2026 > Biennale of Sydney: Rememory

North Cronulla Beach Car Park approx 1:45pm
Oil on linen
200cm x 300cm
2025
Mitchell Road approx 2:40pm
Oil on linen
200cm x 300cm
2025
Cronulla Railway Station approx 3:00pm
Oil on linen
200cm x 300cm
2025

Biennale of Sydney Catalogue statement
Abdul Abdullah (b. 1986)
I was 15 years old on September 11, 2001, and feel part of the older cusp of a generation of Muslims whose formative years were overshadowed - if not defined - by the “war on terror,” a vague catch-all with far-reaching, devastating consequences. A recurring throughline in my practice is interrogating how criminality/monstrosity is projected onto benign communities to justify the unjust seizure of land, bodies, labour, and resources. This dynamic was especially clear to me in the lead-up to the invasions of Afghanistan and Iraq.
My subsequent research examined anti-colonial and anti-imperial movements of the 20th century. I read somewhere the first recorded slave revolt in Haiti was reported at the time as a “Jihad.” I unpacked notions like “the white man’s burden,” seeing how colonisation’s entrepreneurial and commercial ambitions were packaged as the moral duty of the civilised.

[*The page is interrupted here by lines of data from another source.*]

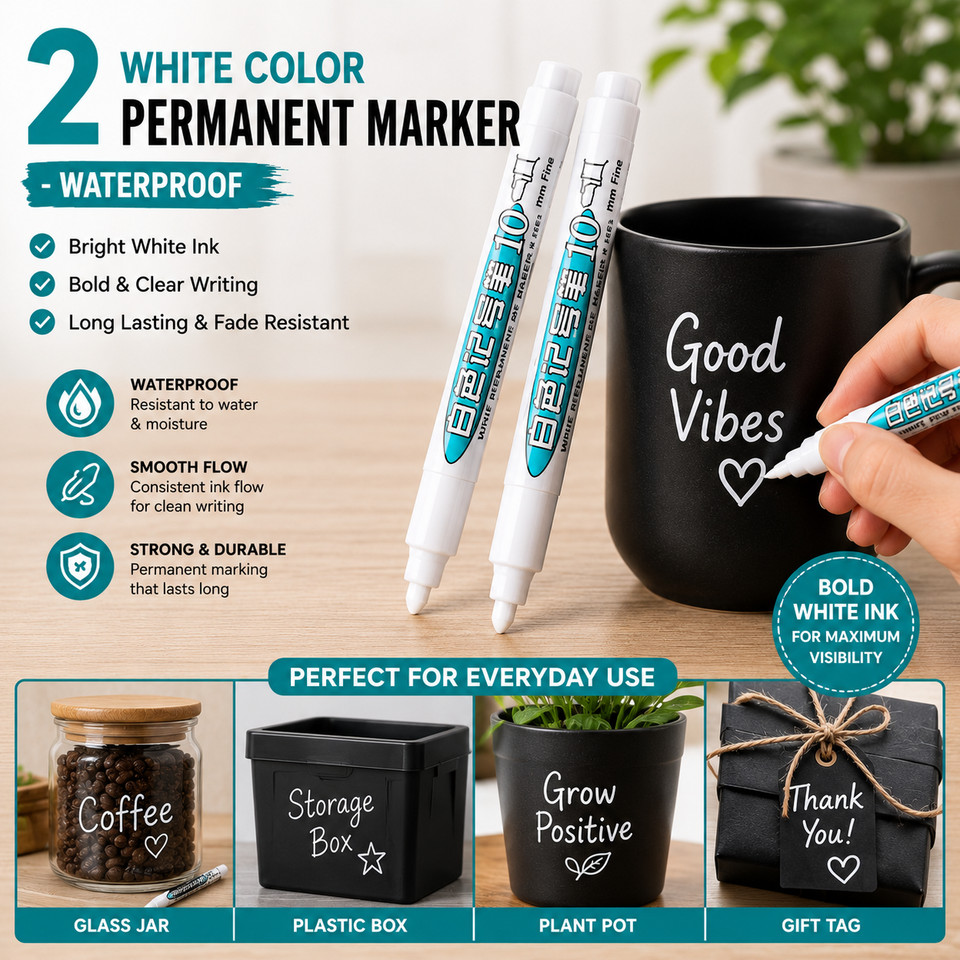 2x White Liquid Chalk Pen Marker For Glass Windows CRAFT Plastic Pens UK SELLER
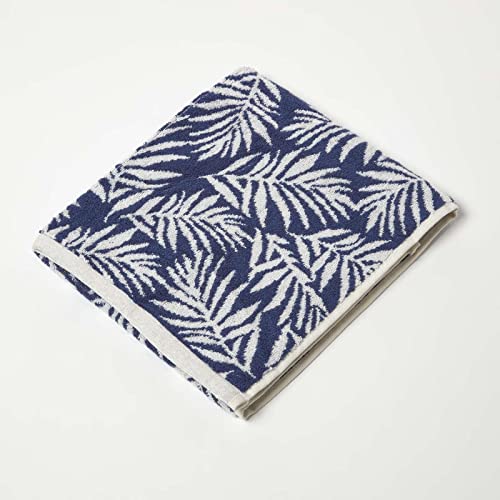 Homescapes Frottee-Handtuch blau im Botanical Style 50x85 cm, Baumwoll-Handtuch Blätter-Muster, Jacquard-Handtuch 500 g/m² von Homescapes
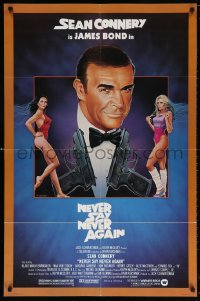 7b698 NEVER SAY NEVER AGAIN 1sh 1983 art of Sean Connery as James Bond 007 by Obrero!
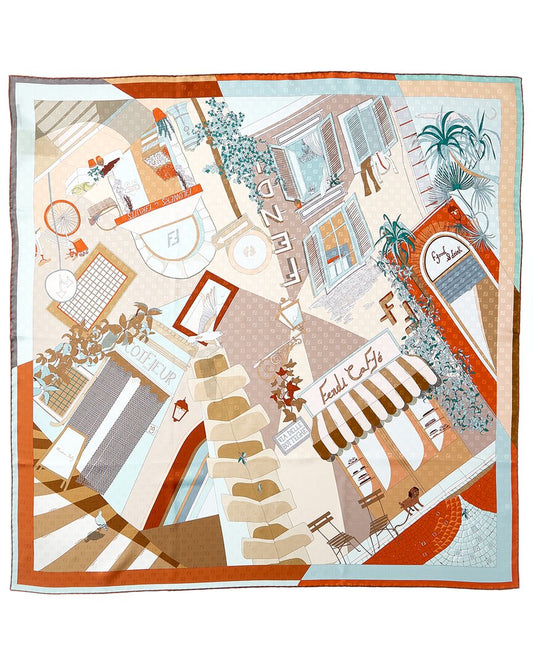 Fendi Foulard Silk Scarf Orange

In March 2019, I appeared as “on-screen talent” for a well-meaning but ultimately misguided Cadbury Chocolate campaign. It was conceived in response to online backlash over the brand’s halal certification - mischaracterised as a “religious tax” by its opponents. Despite opening new markets and likely lowering costs for the domestic market, Cadbury was accused of pandering to Islamic fundamentalists and paving the way for Shariah Law. The company’s counter was to film a reality-TV-style advertisement featuring diverse artists and designers tasked with creating a new logo to sit alongside the halal symbol, signalling the product was “For All”. A few days into filming, an Australian man entered a mosque in Christchurch and shot and murdered 51 Muslims.
That night, I captured YouTube comments from news footage before they were disabled. The comments - many celebrating the massacre - laid bare the futility of Cadbury’s campaign. The intention to thwart their online backlash was misplaced. It was not about a group being pandered to but rather the belief that the group is an inhuman, invasive and malevolent force that needs to be erased.
My new body of work responds to these patterns of dehumanisation. I have created a triptych depicting scenes from the 2005 Cronulla riots, when more than 5,000 people assembled in Sydney’s south to “reclaim the beach” from Arabs and Muslims. Drawing from the visual tradition of Neoclassical history painting, the works employ theatrical staging and contrived tableaux. These paintings serve both as memorials and as interventions - reinscribing the events into our shared visual and cultural histories, and situating them within a broader global framework of xenophobia, nationalism, and resistance.